Mardi 21 janvier 2014, 14h
Batiment Galera, salle 127
Quality and Price of Data
Ruiming Tang – National University of Singapore
In data marketplaces, people clean data, buy and sell data, and collect data. In this talk, we study quality and price of data. More specifically, we study three topics. The first topic is how to improve data quality by conditioning. The second topic is how to sell data according to a proposed price. The third topic is how people buy data, i.e., define price of a query and propose algorithms to compute the price of a query.
In order to improve data quality (accuracy) by adding constraint or information, we study the conditioning problem. We propose a framework for representing conditioned probabilistic relational data. Conditioning is the formalization of the process of adding knowledge to a database. Some worlds may be impossible given the constraints and the probabilities of possible worlds are accordingly re-defined. The new constraints can come from the observation of the existence or non-existence of a tuple, from the knowledge of a specific rule, such as the existence of an exclusive set of tuples, or from the knowledge of a general rule, such as a functional dependency. We are therefore interested in computing a concise representation of the possible worlds and their respective probabilities after the addition of new constraints, namely an equivalent probabilistic database instance without constraints after conditioning. We devise and present a general algorithm for this computation. Unfortunately, the general problem involves the simplification of general Boolean expressions and is NP-hard. We therefore identify specific practical families of constraints for which we devise and present efficient algorithms.
We study the relationship between quality and price of data. We proposed a theoretical and practical pricing framework for a data market in which data consumers can trade data quality for discounted prices. In most data markets, prices are prescribed and accuracy is determined by the data. Instead, we consider a model in which accuracy can be traded for discounted prices: “what you pay for is what you get”. The data market model consists of data consumers, data providers and data market owners. The data market owners are brokers between the data providers and data consumers. A data consumer proposes a price for the data that she requests. If the price is less than the price set by the data provider, then she gets an approximate value. The data market owners negotiate the pricing schemes with the data providers. They implement these schemes for the computation of the discounted approximate values.
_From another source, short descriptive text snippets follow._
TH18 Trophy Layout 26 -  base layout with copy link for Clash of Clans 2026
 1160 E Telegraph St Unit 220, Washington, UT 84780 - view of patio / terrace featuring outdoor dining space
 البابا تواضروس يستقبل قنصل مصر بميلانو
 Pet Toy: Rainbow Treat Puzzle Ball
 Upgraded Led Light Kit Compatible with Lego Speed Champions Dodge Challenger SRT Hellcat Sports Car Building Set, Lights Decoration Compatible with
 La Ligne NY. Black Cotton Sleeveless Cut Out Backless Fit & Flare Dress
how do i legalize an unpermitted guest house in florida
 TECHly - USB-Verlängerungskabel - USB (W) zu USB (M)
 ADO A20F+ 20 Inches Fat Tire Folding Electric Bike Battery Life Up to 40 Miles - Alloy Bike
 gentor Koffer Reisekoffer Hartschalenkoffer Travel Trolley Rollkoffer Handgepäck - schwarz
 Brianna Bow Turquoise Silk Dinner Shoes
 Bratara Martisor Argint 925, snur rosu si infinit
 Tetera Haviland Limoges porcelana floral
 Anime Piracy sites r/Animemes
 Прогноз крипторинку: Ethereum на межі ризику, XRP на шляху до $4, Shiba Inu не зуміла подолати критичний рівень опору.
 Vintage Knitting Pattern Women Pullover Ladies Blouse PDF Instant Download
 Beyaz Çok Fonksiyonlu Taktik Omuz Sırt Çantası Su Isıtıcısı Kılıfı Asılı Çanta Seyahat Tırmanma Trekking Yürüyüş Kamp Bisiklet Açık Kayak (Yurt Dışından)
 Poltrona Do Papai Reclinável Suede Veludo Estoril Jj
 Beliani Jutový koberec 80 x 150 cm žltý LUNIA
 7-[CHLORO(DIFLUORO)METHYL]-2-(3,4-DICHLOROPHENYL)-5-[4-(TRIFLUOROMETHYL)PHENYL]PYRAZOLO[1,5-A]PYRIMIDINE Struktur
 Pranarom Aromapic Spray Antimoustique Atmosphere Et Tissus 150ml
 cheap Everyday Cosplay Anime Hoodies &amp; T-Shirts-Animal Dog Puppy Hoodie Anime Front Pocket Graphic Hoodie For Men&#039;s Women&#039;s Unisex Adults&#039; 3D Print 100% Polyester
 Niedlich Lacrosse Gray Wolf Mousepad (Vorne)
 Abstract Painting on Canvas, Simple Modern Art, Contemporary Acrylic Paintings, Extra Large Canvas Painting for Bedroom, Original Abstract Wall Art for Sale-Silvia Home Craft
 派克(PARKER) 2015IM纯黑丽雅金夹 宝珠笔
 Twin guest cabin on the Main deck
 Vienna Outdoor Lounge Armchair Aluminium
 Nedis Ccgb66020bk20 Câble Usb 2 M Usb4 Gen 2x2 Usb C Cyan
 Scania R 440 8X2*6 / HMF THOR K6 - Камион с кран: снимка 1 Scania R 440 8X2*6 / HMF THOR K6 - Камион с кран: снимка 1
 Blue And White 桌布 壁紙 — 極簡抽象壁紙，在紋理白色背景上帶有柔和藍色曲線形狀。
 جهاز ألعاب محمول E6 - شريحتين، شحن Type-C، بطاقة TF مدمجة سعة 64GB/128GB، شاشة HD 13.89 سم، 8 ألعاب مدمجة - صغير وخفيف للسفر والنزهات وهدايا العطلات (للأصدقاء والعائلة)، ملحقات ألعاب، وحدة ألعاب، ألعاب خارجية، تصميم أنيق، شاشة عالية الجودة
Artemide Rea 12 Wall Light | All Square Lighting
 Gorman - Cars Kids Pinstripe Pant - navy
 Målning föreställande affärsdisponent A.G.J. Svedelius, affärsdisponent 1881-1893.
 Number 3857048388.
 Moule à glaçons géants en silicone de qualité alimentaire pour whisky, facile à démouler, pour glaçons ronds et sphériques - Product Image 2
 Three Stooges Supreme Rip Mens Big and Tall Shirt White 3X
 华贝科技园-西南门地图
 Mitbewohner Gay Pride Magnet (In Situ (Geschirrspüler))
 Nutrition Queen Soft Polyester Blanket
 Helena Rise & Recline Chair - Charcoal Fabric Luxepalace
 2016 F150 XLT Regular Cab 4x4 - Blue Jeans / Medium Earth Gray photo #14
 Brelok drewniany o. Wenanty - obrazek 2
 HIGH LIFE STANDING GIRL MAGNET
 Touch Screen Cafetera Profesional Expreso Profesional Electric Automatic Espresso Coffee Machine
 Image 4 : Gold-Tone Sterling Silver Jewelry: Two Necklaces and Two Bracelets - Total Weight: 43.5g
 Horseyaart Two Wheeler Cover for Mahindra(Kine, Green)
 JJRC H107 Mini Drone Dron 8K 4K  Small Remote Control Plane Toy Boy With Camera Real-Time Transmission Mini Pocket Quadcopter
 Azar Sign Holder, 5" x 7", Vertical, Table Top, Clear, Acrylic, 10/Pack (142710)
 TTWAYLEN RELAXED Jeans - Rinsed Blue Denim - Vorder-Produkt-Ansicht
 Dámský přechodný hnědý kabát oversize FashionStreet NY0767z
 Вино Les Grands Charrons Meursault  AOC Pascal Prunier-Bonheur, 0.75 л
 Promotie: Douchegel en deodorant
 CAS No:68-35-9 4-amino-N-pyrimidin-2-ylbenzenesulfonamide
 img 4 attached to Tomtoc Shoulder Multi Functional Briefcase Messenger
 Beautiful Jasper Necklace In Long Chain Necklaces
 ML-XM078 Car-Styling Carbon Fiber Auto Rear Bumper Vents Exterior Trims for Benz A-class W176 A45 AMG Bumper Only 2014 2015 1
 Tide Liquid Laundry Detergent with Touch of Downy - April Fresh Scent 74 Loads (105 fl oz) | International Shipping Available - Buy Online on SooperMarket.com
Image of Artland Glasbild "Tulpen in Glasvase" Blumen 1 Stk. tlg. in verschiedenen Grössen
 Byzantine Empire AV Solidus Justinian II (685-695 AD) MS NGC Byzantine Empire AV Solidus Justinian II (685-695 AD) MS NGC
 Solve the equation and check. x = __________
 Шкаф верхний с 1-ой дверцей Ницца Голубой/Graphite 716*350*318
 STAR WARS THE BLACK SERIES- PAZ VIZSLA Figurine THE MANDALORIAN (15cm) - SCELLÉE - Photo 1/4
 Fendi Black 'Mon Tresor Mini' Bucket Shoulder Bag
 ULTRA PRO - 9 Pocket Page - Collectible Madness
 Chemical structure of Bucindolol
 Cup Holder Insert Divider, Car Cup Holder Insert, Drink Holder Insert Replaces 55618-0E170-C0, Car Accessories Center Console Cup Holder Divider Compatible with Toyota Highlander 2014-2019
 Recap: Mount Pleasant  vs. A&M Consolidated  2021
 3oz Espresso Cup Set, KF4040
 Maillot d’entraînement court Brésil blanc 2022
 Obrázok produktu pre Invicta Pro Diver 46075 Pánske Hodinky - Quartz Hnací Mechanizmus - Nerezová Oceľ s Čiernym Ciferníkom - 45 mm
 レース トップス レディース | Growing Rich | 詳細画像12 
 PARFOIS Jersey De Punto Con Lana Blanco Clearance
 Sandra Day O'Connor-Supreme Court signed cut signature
We propose a theoretical and practical pricing framework with its algorithms for the above mechanism. In this framework, the value published is randomly determined from a probability distribution. The distribution is computed such that its distance to the actual value is commensurate to the discount. The published value comes with a guarantee on the probability to be the exact value. The probability is also commensurate to the discount. We present and formalize the principles that a healthy data market should meet for such a transaction. We define two ancillary functions and describe the algorithms that compute the approximate value from the proposed price using these functions. We prove that the functions and the algorithm meet the required principles.
We study the price of queries for cases that data consumers request for data in forms of queries. We propose a generic data pricing model that is based on minimal provenance, i.e. minimal sets of tuples contributing to the result of a query. We show that the proposed model fulfills desirable properties such as contribution monotonicity, bounded-price and contribution arbitrage-freedom. We present a baseline algorithm to compute the exact price of a query based on our pricing model. We show that the problem is NP-hard. We therefore devise, present and compare several heuristics. We conduct a comprehensive experimental study to show their effectiveness and efficiency.